Harvest Delivery is a regional shopping service that allows users to order groceries online. A locally-contracted shopper purchases the requested groceries and delivers them to the doorstep of the user. Harvest Delivery’s web application receives a variable amount of user traffic, with peak traffic occurring in the days leading up to major holidays.

the landing page of harvest delivery

The architecture of Harvest Delivery’s web application is currently a monolith. As the organization grows, the monolithic architecture begins to cause a strain on the engineering team. One such strain is that the team has become reluctant to add new features to the monolithic codebase. Currently, different components of the code are highly dependent on one another and changing one component means an engineer also has to update multiple other components, increasing their workload. This issue also makes the codebase difficult to maintain, as fixing one bug has the tendency to introduce new problems.

Another issue the team has encountered is the inability to scale each business component (like payment processors or catalog) of their architecture independently. The team has found that during periods of high traffic, users are experiencing long delays during the payment stage. Harvest Delivery would like to scale the payment processing component independently from the rest of the codebase, but this isn’t possible with the current monolith. If the code responsible for payments was abstracted into a microservice, not only would this enable independent scaling, it would also cultivate a team solely dedicated to this payment service. The payment team could carry out their development and deployment pipeline independently to the rest of the monolith, resulting in faster improvements to payment processing.

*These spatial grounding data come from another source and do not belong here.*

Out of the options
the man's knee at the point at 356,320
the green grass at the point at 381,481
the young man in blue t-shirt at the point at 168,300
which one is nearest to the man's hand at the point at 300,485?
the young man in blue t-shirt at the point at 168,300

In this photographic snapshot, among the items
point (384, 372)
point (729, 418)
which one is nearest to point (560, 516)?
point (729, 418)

The final issue the Harvest Delivery team is encountering with their monolith pertains to availability. Currently, if a bug triggers an outage, then the entire application becomes unavailable. The team would like to ensure that even if one component of the application is unavailable, for example creating a new user account, users not using the affected component can still perform their desired actions.

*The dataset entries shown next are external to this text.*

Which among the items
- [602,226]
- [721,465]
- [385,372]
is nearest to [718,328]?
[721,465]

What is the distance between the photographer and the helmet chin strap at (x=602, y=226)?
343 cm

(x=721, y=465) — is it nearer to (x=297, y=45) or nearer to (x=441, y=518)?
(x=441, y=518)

In response to these issues, the CTO has decided that they should migrate the application code towards a microservices architecture. The CTO has instructed the team to develop a system architecture organized around Harvest Delivery’s business concerns, with the shopping catalog, payment processing, and shopper communication all abstracted into individual microservices.

Modifying the system architecture of Harvest Delivery is a significant undertaking; additionally, it’s important to avoid any impact on user experience. The holidays are coming up and Harvest Delivery does not want to lose any customers to system outages.

Harvest Delivery plans to collect analytics and perform load testing on the new services to ensure that they can handle the load of holiday shopping sprees. They also plan to solicit user feedback from a percentage of users before rolling these new services out to the entire customer base.

2. Potential Solutions

The Harvest Delivery team needs to develop a strategy that enables them to achieve two primary goals - migrate to a microservices architecture and avoid system outages during the migration. This section discusses the available options to achieve these goals.

2.1 Canary Deployment

Harvest Delivery could consider a canary deployment, also known as side-by-side deployment, which involves creating a clone of the application’s production environment. A load balancer is used to initially send all traffic to one version while new functionality is built in the other version (the canary). When the new service is deployed, some percentage of users are directed to the canary deployment. If no issues arise, the service can be gradually rolled out to more users until the new version is used by everyone. If there are problems, deployments can be rolled back, and the majority of users will not be impacted 1.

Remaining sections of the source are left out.